The motion says that according to the police, Mallayev's fingerprints were found on a makeshift silencer found at the crime scene.

But the lawyer says that after the silencer was sent for testing, there was no DNA match for Mallayev.

"People now deny that any of those items were tested for DNA," the filing says. 

The Queens District Attorney's office declined comment Wednesday because it said it had not been served the motion yet.

A similar motion was filed in February 2012 by Mallayev's lawyer. His attorney, Tehilah Berman, said that the motion listed the same evidence — the lack of a DNA match and details from the NYPD sketch artist's book. The case is now pending, Berman said.

Meanwhile, Borukhova's supporters are hoping the public will help provide information that could overturn her conviction.

The doctor's supporters, represented by Soury Communications Inc., said in a statement that "with only weak circumstantial evidence tying her to the crime, Mazoltov Borukhova swears that she is innocent and that she took absolutely no part in the murder of her husband, Daniel Malakov."

In December, Borukhova's friends established a tip line and offered a $10,000 reward for information leading to her exoneration.
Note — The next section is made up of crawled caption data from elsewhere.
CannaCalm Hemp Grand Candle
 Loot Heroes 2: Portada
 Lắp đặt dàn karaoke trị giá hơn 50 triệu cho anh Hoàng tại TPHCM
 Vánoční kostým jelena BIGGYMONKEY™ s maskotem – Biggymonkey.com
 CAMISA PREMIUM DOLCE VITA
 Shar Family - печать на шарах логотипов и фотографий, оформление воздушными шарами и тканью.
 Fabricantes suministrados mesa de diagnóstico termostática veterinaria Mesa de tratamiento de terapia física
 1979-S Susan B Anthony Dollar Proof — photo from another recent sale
Her friends have also hired former NYPD homicide detective Jay Salpeter.

“With the tip line you hope that new information will come in,” Salpeter said in December. On Wednesday, Salpeter said that he had "received tips and everything that comes in is investigated," but he declined further comment.

Salpeter said he had been successful with using tip lines in other high-profile cases, including the case of Marty Tankleff, who served 17 years in prison for the 1988 murder of his parents on Long Island before he was eventually exonerated, and in the “West Memphis Three” case, in which three teenagers were convicted of the 1993 murders of three boys in West Memphis, Ark. They were set free after the discovery of new evidence.